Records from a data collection
-=-=-
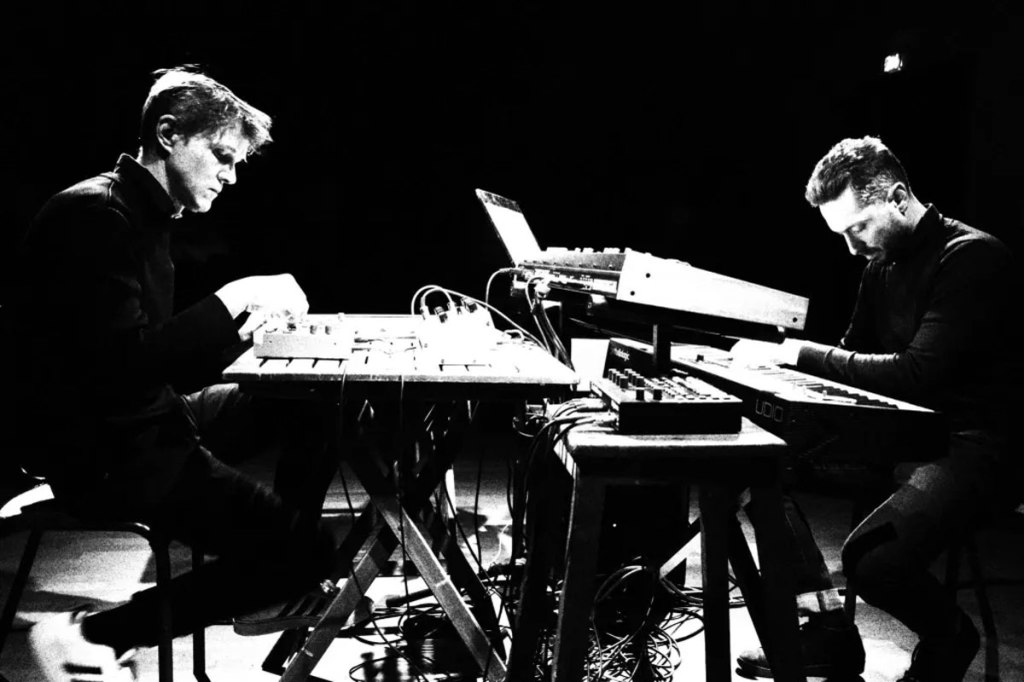 ORGAN THING: Paradoxe is a warm album, a full-bodied set of experimental pieces, textures, spoken word, a touch&nbsp;of…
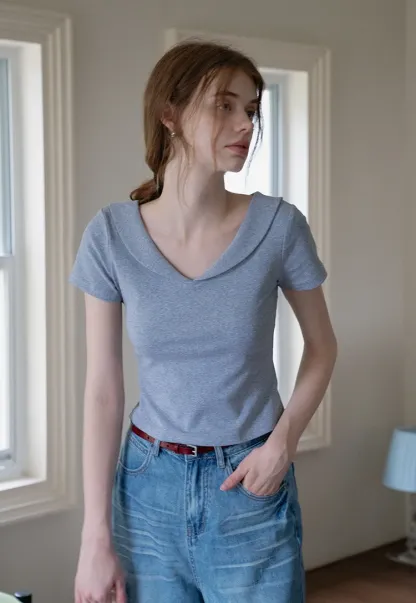 Women's V-Neck Cropped Top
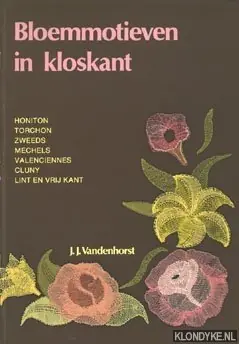 Voordeelprijs Bloemmotieven in kloskant - Vandenhorst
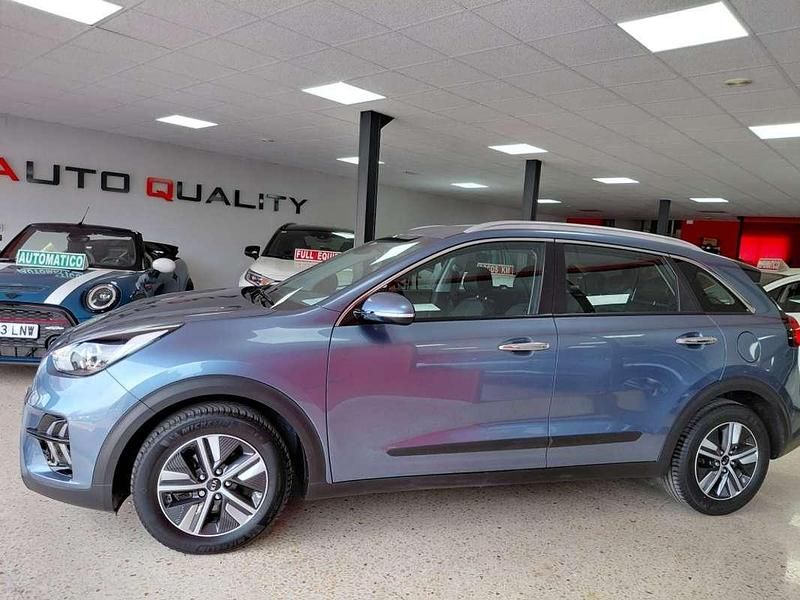 Usado Kia Niro 141 CV (103 kW) 2021 Azul SUV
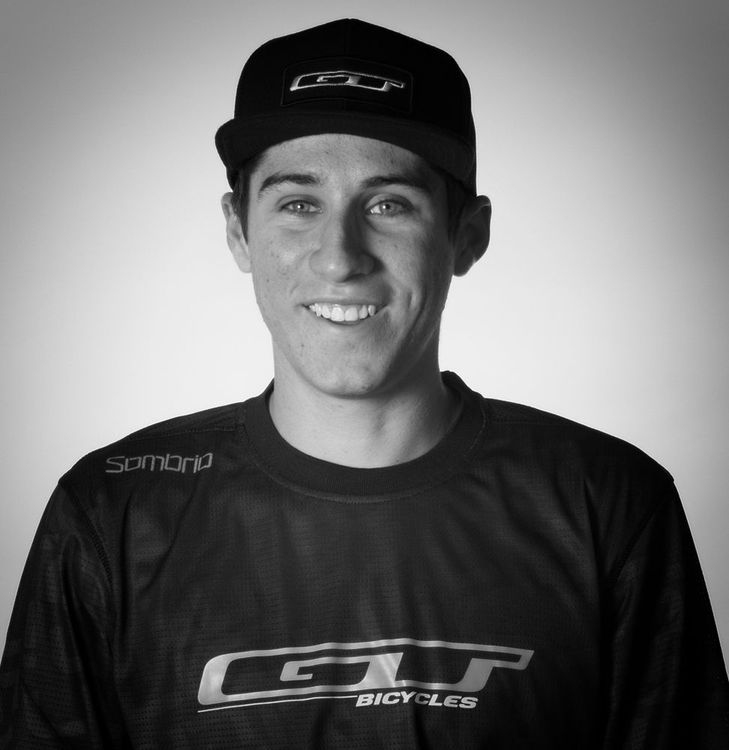 Frew beendete seine erfolgreiche Downhill-Saison 2015 als Nummer 1 bei den Junioren.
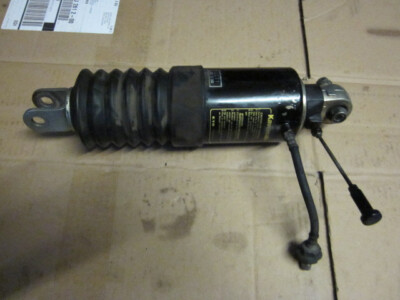 KAWASAKI GPZ 1100 UT ZXT10A/B 1983-87 FEDERBEIN STOßDÄMPFER HINTEN guter Zustand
-=-=-
With pictures left out, repeat exactly the lines from the line bearing "Women's V-Neck Cropped Top" through the final line of the records above.

Completed exercise
 Women's V-Neck Cropped Top
 Voordeelprijs Bloemmotieven in kloskant - Vandenhorst
 Usado Kia Niro 141 CV (103 kW) 2021 Azul SUV
 Frew beendete seine erfolgreiche Downhill-Saison 2015 als Nummer 1 bei den Junioren.
 KAWASAKI GPZ 1100 UT ZXT10A/B 1983-87 FEDERBEIN STOßDÄMPFER HINTEN guter Zustand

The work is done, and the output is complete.